The wild fund can sometimes finish ahead, but look at its worst drop. That deeper fall is the moment most investors give up and sell. The steady fund usually carries a higher Sharpe ratio, which is the calmer, more repeatable way to grow money.
Worked example: which fund really won
Two funds, one risk-free rate of 6 percent. Fund A returns 14 percent but swings hard at 20 percent volatility. Fund B returns only 12 percent but is far steadier at 10 percent volatility. The headline says Fund A. The Sharpe ratio disagrees.

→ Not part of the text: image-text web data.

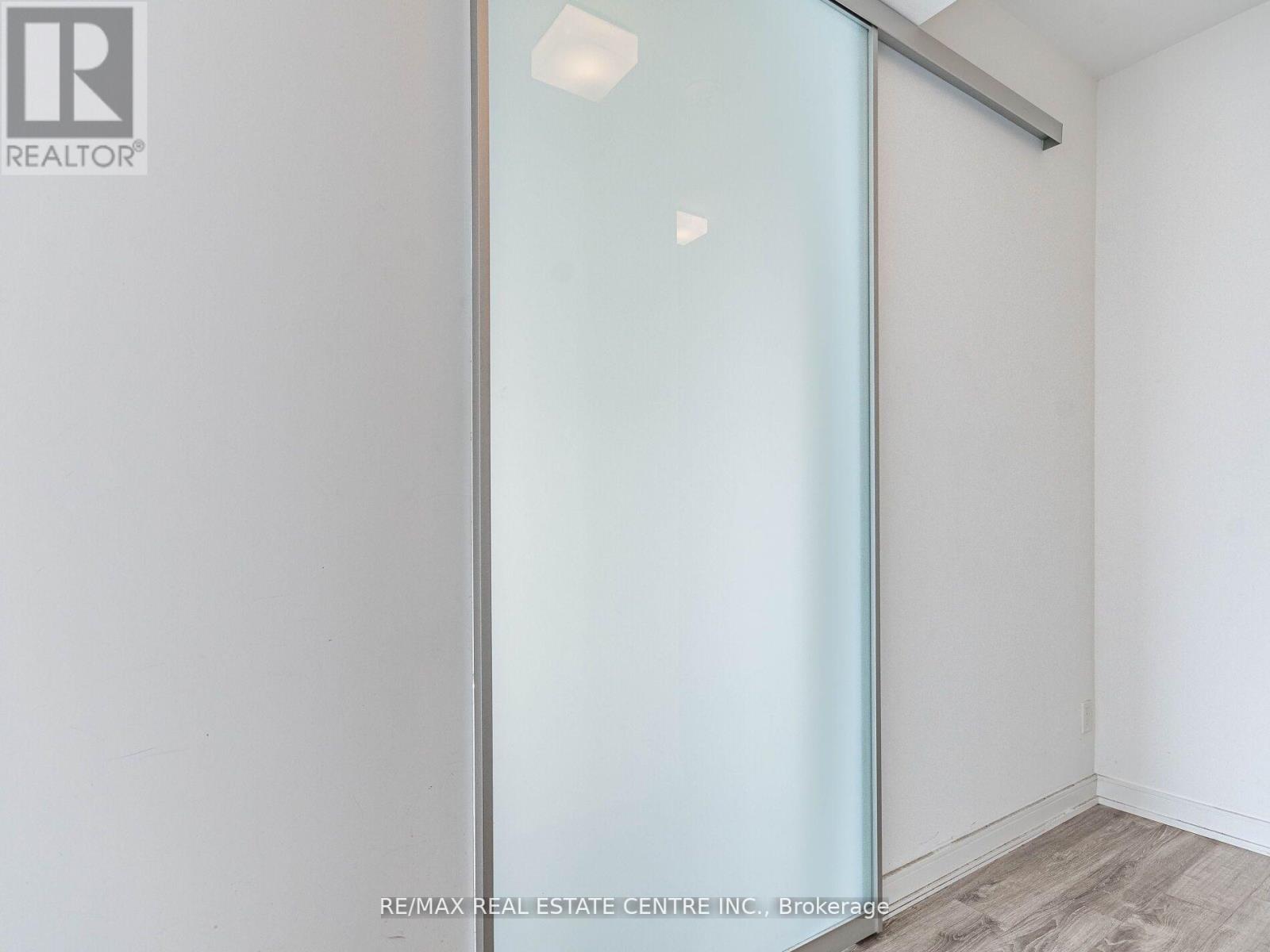 3302 - 28 Wellesley Street, Toronto, Ontario  M4Y 1G3 - Photo 22 - C12493562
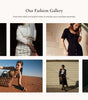 Gallery 6-2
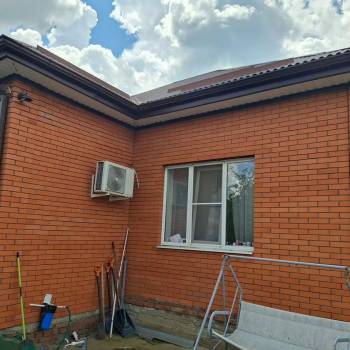 Продается Дом, 106 м²
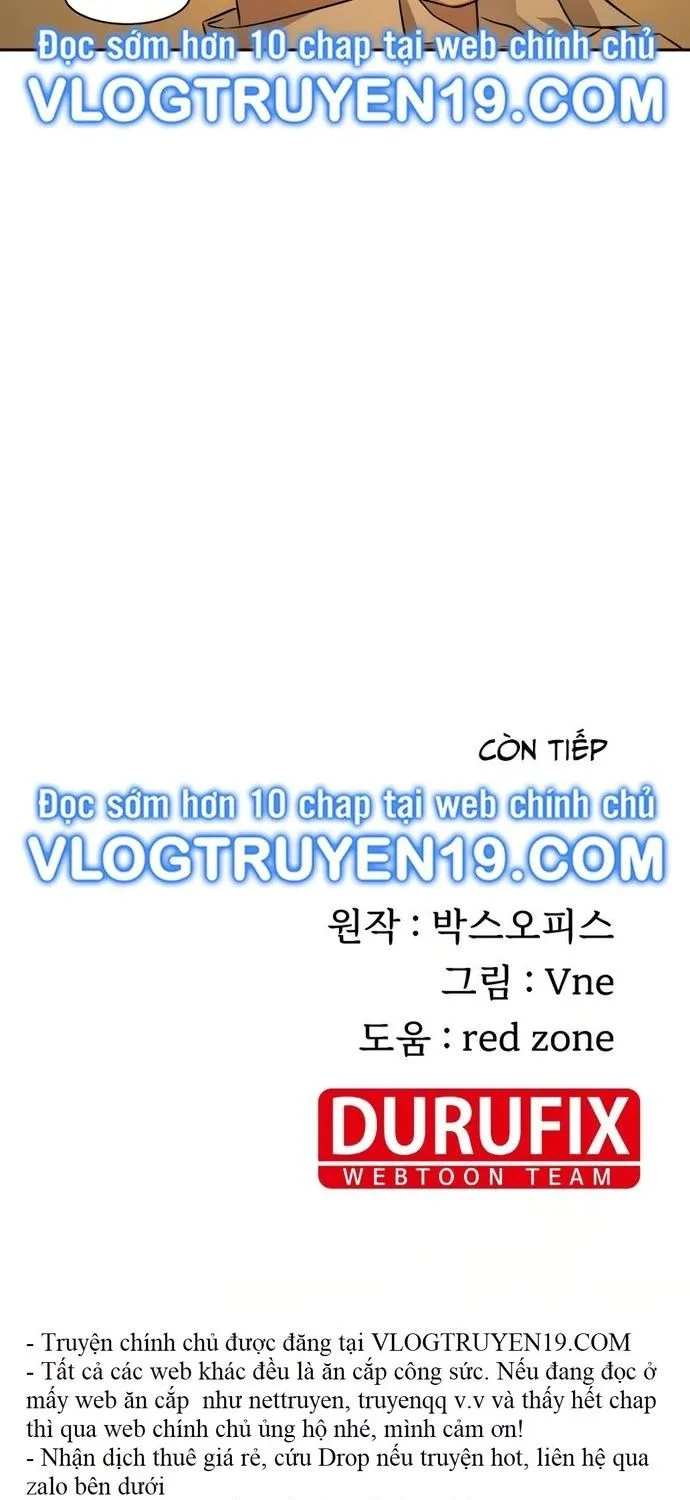 Chương 5 - Trang 85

| Step | Fund A | Fund B |
|---|---|---|
| Return | 14% | 12% |
| Volatility | 20% | 10% |
| Return above risk-free | 14 - 6 = 8 | 12 - 6 = 6 |
| Sharpe ratio | 8 ÷ 20 = 0.40 | 6 ÷ 10 = 0.60 |
Fund A earns 0.40 of return for each unit of risk. Fund B earns 0.60. Fund B wins on a risk-adjusted basis, even though its headline return is two percentage points lower, because it produced that return with half the volatility.
So you decide. Do you chase the bigger headline number, or take the fund that pays more per unit of risk?
Remember this
| Sharpe ratio | What it signals | How to read it |
|---|---|---|
| Below 0 | The fund returned less than risk-free cash | You took risk and were not paid for it |
| 0 to 1 | Modest reward for the risk carried | Common, but check whether a steadier option exists |
| 1 to 2 | Good risk-adjusted return | Solid reward for each unit of risk |
| Above 2 | Excellent risk-adjusted return | Rare, and hard to sustain over long periods |
In short: do not chase the biggest headline return. Compare the return each fund earns for every unit of risk, and prefer the one that pays you more per unit of risk. That is the difference between earning a lot and earning it well.